Using painters tape and newspapers, cover windows and areas that you do not want to get plasti-dip on.
We covered the wheels with 40 gallon sized trash bags.
Step 4: WASH IT FIRST!
Before applying the plasti-dip to the car it MUST be clean.
Plasti-dip is an overlay that will form a separate layer on top of any surface- including dust and dirt... so get the surface REALLY CLEAN.
After cleaning the area dry it with a cloth.
Step 5: PERFECT PAINTING PLACE?
Find an area that is extremely ventilated and out of direct sunlight. We painted the first coat on outside in the shade- it was not an ideal location- the smallest amount of wind created a lot of overspray build-up. The best area would be an open garage.
Step 6: SPRAY ON THE PLASTI-DIP
Wear a mask. It is helpful if you have someone that will follow you carrying the paint turbine as you go. Paint in sections as you work your way around the car. COVER EVERYTHING! Even lay on the ground to get the hard to see areas along the bottom of the car!
The first layer is your bonding layer- It is very important that this is a light dusting (50 -60% transparency). This will allow the rest of the layers to bond and stick to the paint. Spray in a clean sweeping motion, making sure to hold the sprayer 6–8 inches away from the area. Allow plasti dip to dry 15-30 minutes between each layer.
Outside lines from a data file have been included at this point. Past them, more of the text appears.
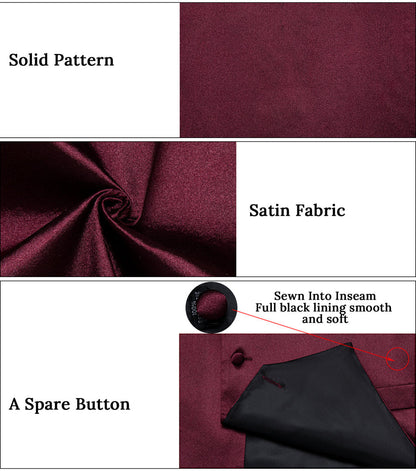 Burgundy Red Solid Satin Vest Set vest set    - Sophisticated Gentlemen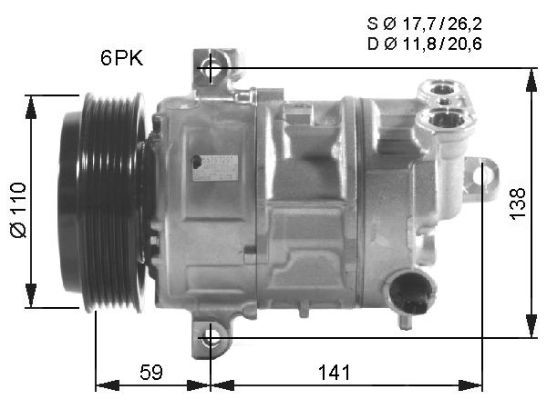 Kompressor, klimatanläggning Nrf premium 32544G NRF premium
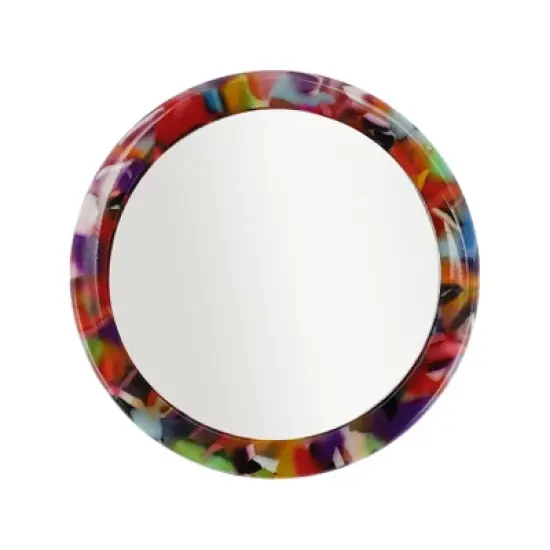 Unique Bargains Durable Round Handheld Makeup Mirror 1 Pc image {5}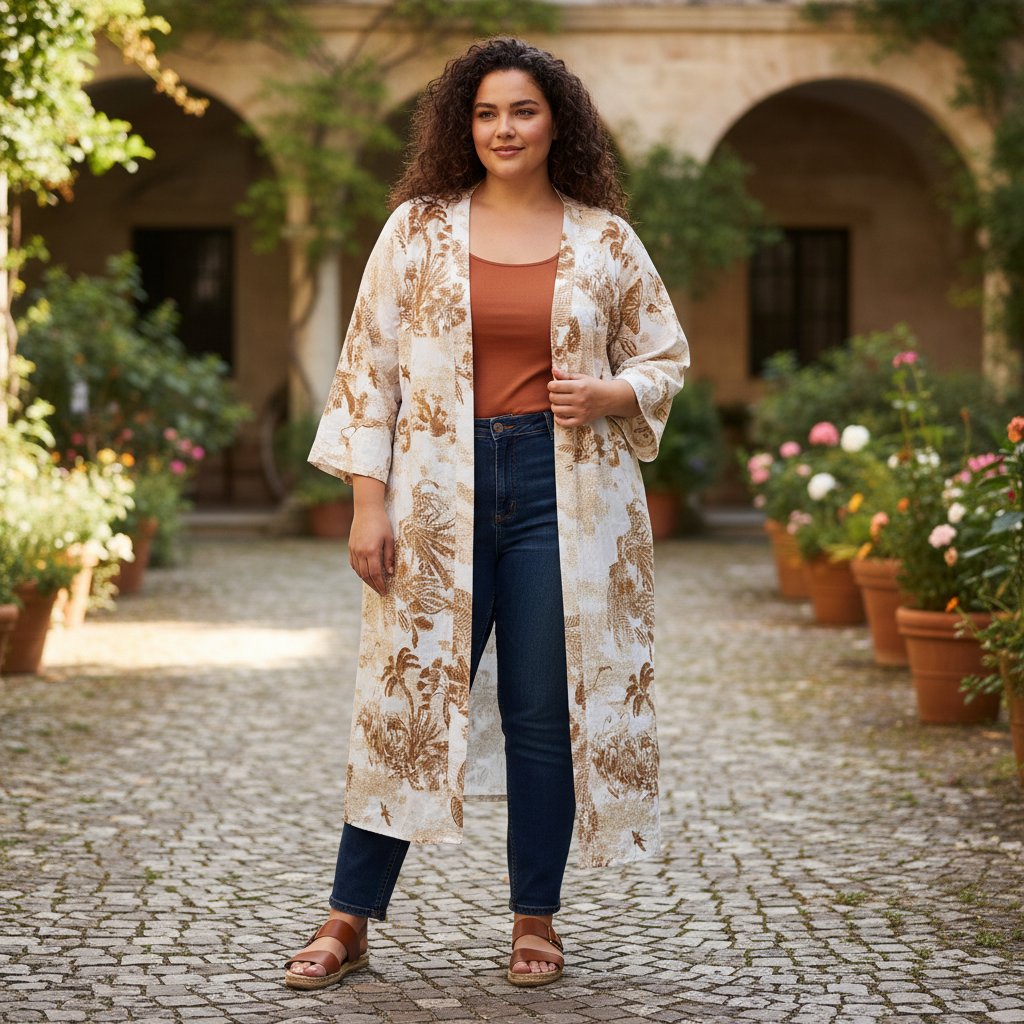 SHEIN CURVE Women's White & Brown Tropical Print Long Kimono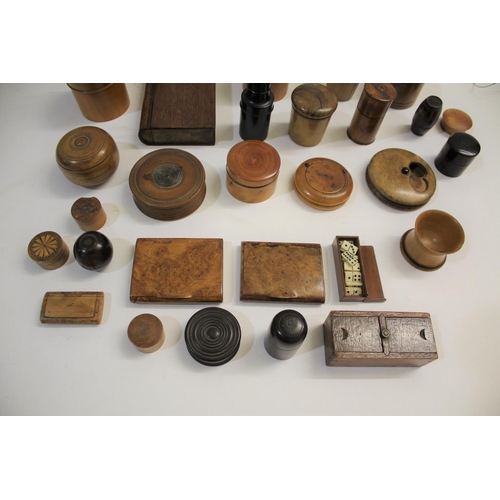 1491 - TREEN a mixed lot including a variety of lidded containers from the 19thc and 20thc, some with bottl... 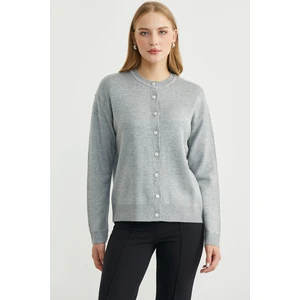 Düğme Detaylı Sıfır Yaka Triko Hırka - Gri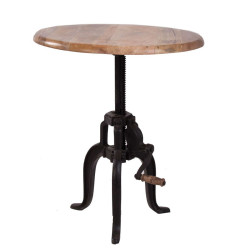 table industriel  amovible en métal et plateau en bois massif avec manivelle  Vical Home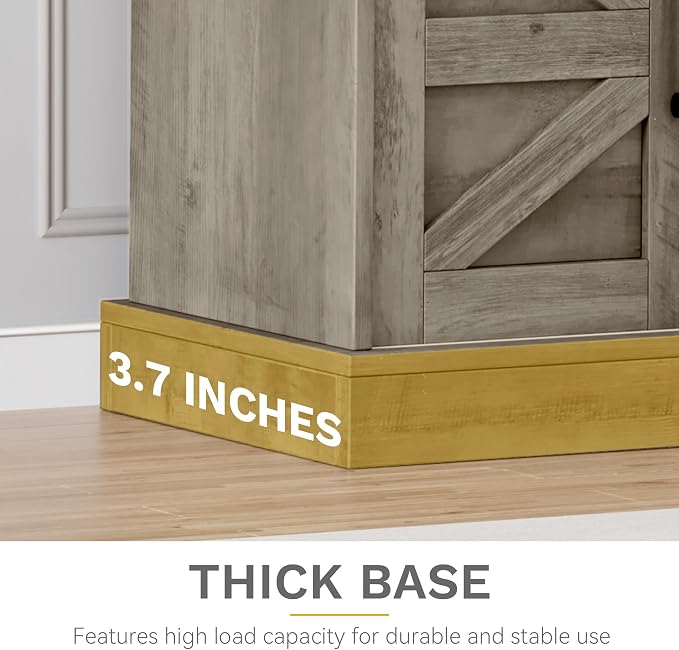 DWVO Farmhouse Buffet Cabinets, Sliding Barn Door Sideboard Cabinet - Image 7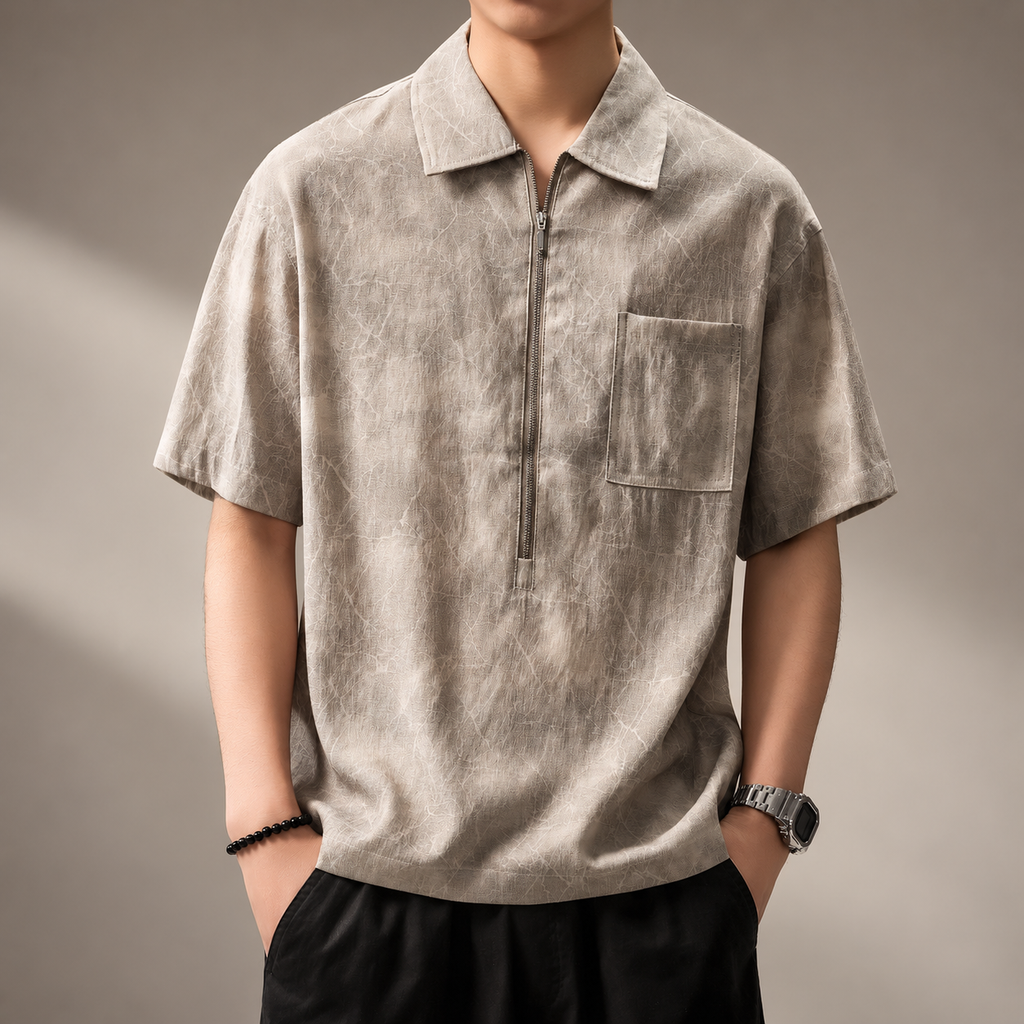 Julian Men's Marble Print Half-Zip Casual Shirt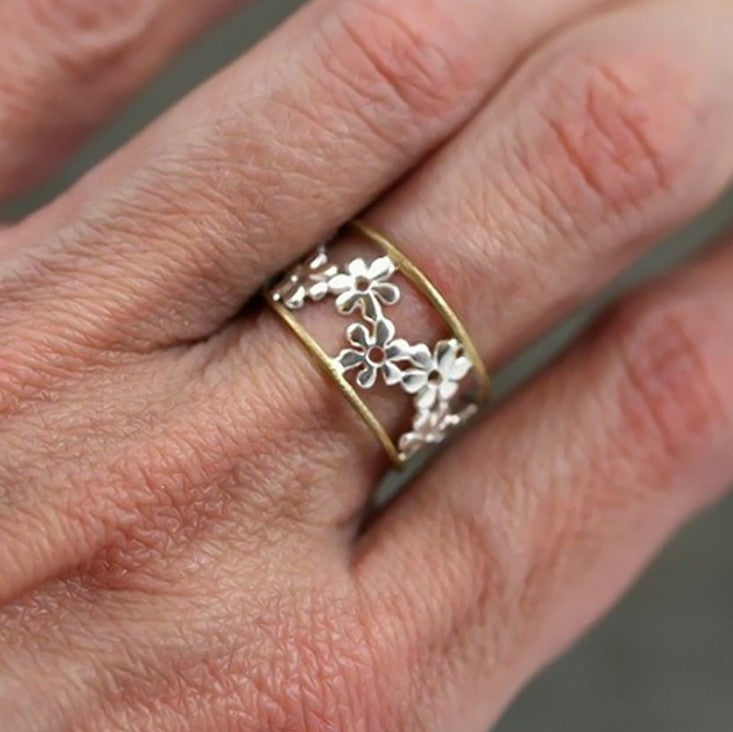 Creative Sunflower Chrysanthemum Adjustable Ring 18K Rose Gold Plated Two-tone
We painted six layers of Aluminum plasti-dip and three layers of Silver Metalizer.
Step 7: REMOVE THE TAPE
After the final layer is applied, immediately remove any tape or newspaper from the car before plasti-dip dries.
Step 8: CURE IT!
At this point the plasti-dip will take 4 hours to fully cure. DON'T TOUCH IT. And at ALL costs, avoid any substance that may cause damage to the area.
Step 9: FINISHING TOUCHES
After it cured we put the emblems, etc. back on, replaced our sill-plates, hub caps, antenna and seat covers and added the C-Stripe decal.
This is a big job. Take your time and do it well. It took three of us working on it every open opportunity seven weeks to complete.